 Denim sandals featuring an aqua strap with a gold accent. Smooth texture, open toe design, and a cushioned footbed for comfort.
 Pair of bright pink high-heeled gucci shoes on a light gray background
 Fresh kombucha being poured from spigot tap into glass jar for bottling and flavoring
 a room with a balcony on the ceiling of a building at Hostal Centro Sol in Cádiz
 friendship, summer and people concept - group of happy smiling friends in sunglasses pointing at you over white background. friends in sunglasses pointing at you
○ ○ ○
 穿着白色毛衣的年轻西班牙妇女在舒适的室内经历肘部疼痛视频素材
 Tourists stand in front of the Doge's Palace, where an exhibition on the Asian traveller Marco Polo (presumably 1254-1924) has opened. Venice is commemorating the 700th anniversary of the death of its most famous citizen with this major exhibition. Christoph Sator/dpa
○ ○ ○
Only the lines above starting at the one containing "Denim sandals featuring" and ending at the one containing "friendship, summer and", both included, are to be returned, exactly as they read.

REPLY TO THE EXERCISE:
 Denim sandals featuring an aqua strap with a gold accent. Smooth texture, open toe design, and a cushioned footbed for comfort.
 Pair of bright pink high-heeled gucci shoes on a light gray background
 Fresh kombucha being poured from spigot tap into glass jar for bottling and flavoring
 a room with a balcony on the ceiling of a building at Hostal Centro Sol in Cádiz
 friendship, summer and people concept - group of happy smiling friends in sunglasses pointing at you over white background. friends in sunglasses pointing at you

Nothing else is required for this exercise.